As the chairman of the FDP state parliamentary faction from 1946 to 1954, Middelhauve was the leader of the opposition to the CDU–SPD–Center Party coalition cabinet of Minister-president Karl Arnold. When the FDP joined the CDU and Center in Arnold's next coalition cabinet in July 1954, Middelhauve became Deputy Minister-president and Minister of Economy and Transport. On 20 February 1956, a vote of no confidence in Arnold's cabinet was supported by the so-called "Young Turks" on the left wing of the FDP, including Wolfgang Döring, Walter Scheel, Hans Wolfgang Rubin and Willi Weyer. Arnold's government resigned and was replaced by an SPD–FDP coalition. Middelhauve, who had backed Arnold, was not included in the new cabinet, and within days he also resigned as FDP state chairman, two years before his term was to expire. He remained in the Landtag until 1958, though his political career was effectively ended. From August 1949 until 17 October 1950 and from September 1953 until 10 September 1954, Middelhauve also sat as a deputy in the national Bundestag.

== Honors and death ==
On his 65th birthday in 1961, Middelhauve was awarded the Grand Cross of Merit with star and shoulder ribbon. He also was the recipient of an honorary membership in the RWTH Aachen University in 1965, and an honorary doctorate from the Faculty of Economics and Social Sciences at the University of Cologne followed shortly afterward.

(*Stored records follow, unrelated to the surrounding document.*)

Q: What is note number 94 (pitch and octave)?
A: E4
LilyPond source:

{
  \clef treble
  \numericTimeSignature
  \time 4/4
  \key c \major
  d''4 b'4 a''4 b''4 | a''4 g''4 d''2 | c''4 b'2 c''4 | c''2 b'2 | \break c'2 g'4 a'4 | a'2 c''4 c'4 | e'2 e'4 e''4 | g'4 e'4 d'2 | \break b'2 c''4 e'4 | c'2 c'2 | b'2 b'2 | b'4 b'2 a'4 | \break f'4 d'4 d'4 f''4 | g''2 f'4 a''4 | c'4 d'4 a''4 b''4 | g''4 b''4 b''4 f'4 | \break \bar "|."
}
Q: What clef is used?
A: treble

Middelhauve died in Bad Mergentheim on 14 July 1966, and was buried at Friedhof Birkenberg (Birch Mountain Cemetery) in Leverkusen.

== Sources ==
- Buchna, Kristian: Friedrich Middelhauve, Verleger und Politiker (1896-1966) in Portal Rheinische Geschichte.
- Frei, Norbert (2002). "Adenauer's Germany and the Nazi Past"

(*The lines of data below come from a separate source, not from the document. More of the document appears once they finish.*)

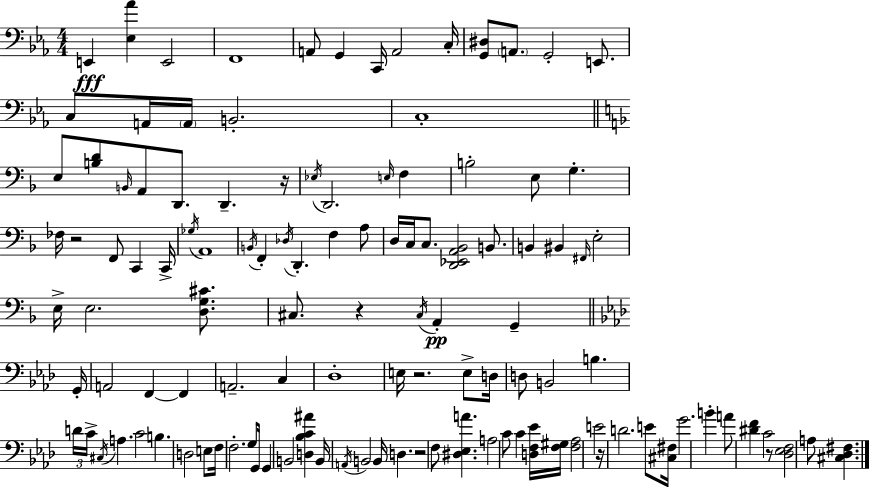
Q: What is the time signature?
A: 4/4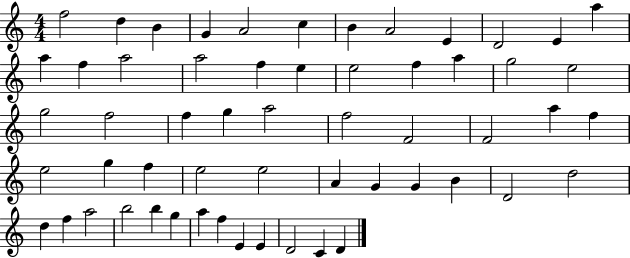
F5/h D5/q B4/q G4/q A4/h C5/q B4/q A4/h E4/q D4/h E4/q A5/q A5/q F5/q A5/h A5/h F5/q E5/q E5/h F5/q A5/q G5/h E5/h G5/h F5/h F5/q G5/q A5/h F5/h F4/h F4/h A5/q F5/q E5/h G5/q F5/q E5/h E5/h A4/q G4/q G4/q B4/q D4/h D5/h D5/q F5/q A5/h B5/h B5/q G5/q A5/q F5/q E4/q E4/q D4/h C4/q D4/q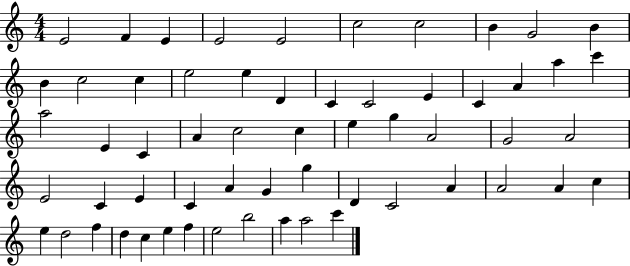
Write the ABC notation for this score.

X:1
T:Untitled
M:4/4
L:1/4
K:C
E2 F E E2 E2 c2 c2 B G2 B B c2 c e2 e D C C2 E C A a c' a2 E C A c2 c e g A2 G2 A2 E2 C E C A G g D C2 A A2 A c e d2 f d c e f e2 b2 a a2 c'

- Hax, Karl: (1966) Friedrich Middelhauve zum Gedächtnis in ZfbF, Springer Verlag, pp. 613–615.
- Klee, Ernst (2007). "Das Personenlexikon zum Dritten Reich. Wer war was vor und nach 1945"
- Menges, Franz: (1994) Middelhauve, Friedrich in Deutsche Biographie, pp. 461–462.
- Middelhauve, Friedrich in Leverkusen.com.
- Nazis und Nationale Sammlung: Pflicht nach rechts in: Antifa Infoblatt 59, (2003).